Administratively the authority attempted to restore pre‑Bolshevik legal frameworks, invoke the mandate of the All‑Russian Constituent Assembly, and coordinate anti‑Bolshevik military efforts with commanders like Mikhail Diterikhs and Pavel Bermondt‑Avalov. Economic measures referenced the restitution of land rights debated at Ufa State Conference and sought to negotiate with merchant groups represented by the All‑Russian Commercial and Industrial Chamber. The government issued proclamations citing legitimacy from the Constituent Assembly and declared intentions to reinstate civil liberties curtailed under the Russian Soviet Federative Socialist Republic. Cabinet composition reflected agreements among the Socialist Revolutionary Party, the Kadets, and regionalists from Siberia and the Far East.
The entity’s diplomacy involved contact with the Allied intervention in the Russian Civil War missions, coordination and rivalry with the Komuch in Samara, negotiation with the Orenburg Cossacks and leaders of the Cossack Hetmanate‑adjacent formations, and tense dealings with the Russian Soviet Federative Socialist Republic. It engaged with foreign envoys such as the Charles Crane‑linked Americans, British envoys like Sir Charles Eliot, and French representatives from the French Military Mission to Siberia. The government contested authority with regional administrations like the Transbaikal Government, the Far Eastern Republic, and rival White centers in Kazan and Vladivostok.

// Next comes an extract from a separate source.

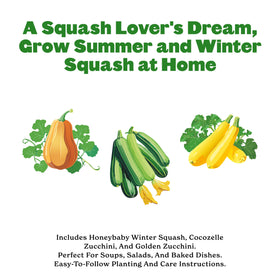 Epic Gardening Cocozelle squash seeds ideal for roasting and fresh summer salads.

Militarily the provisional body relied on commanders including Aleksandr Kolchak, Vladimir Kappel, Grigory Semyonov, and Roman Ungern von Sternberg while coordinating with formations such as the Czechoslovak Legion and units drawn from the Orenburg Cossacks. Battles and campaigns tied to its authority encompassed offensives along the Trans‑Siberian Railway, operations near Perm, Kazan, and advances toward Syzran and Samara. The government’s military posture intersected with interventions by Japan, clashes with Red Army formations under commanders like Mikhail Tukhachevsky and Leon Trotsky’s organizational direction, and engagements influenced by logistics routed through Irkutsk and Chelyabinsk.
The collapse followed internal discord at the Ufa State Conference, the December 1918 proclamation of Aleksandr Kolchak as Supreme Ruler at a later stage, and military defeats culminating in retreats across the Trans‑Siberian Railway. Consequences included the consolidation of many White forces under the Russian State and the dispersal of civilian politicians into exile in Paris, London, and Berlin. Historical legacies appear in debates among historians of the Russian Civil War, studies of the Allied intervention in the Russian Civil War, and in archival materials held in State Archive of the Russian Federation, the National Archives (UK), and repositories in Prague and Geneva. The provisional authority’s brief existence influenced later narratives about legitimacy derived from the All‑Russian Constituent Assembly, the role of the Czechoslovak Legion in Siberia, and the trajectories of figures such as Aleksandr Kolchak, Victor Chernov, and Pavel Milyukov.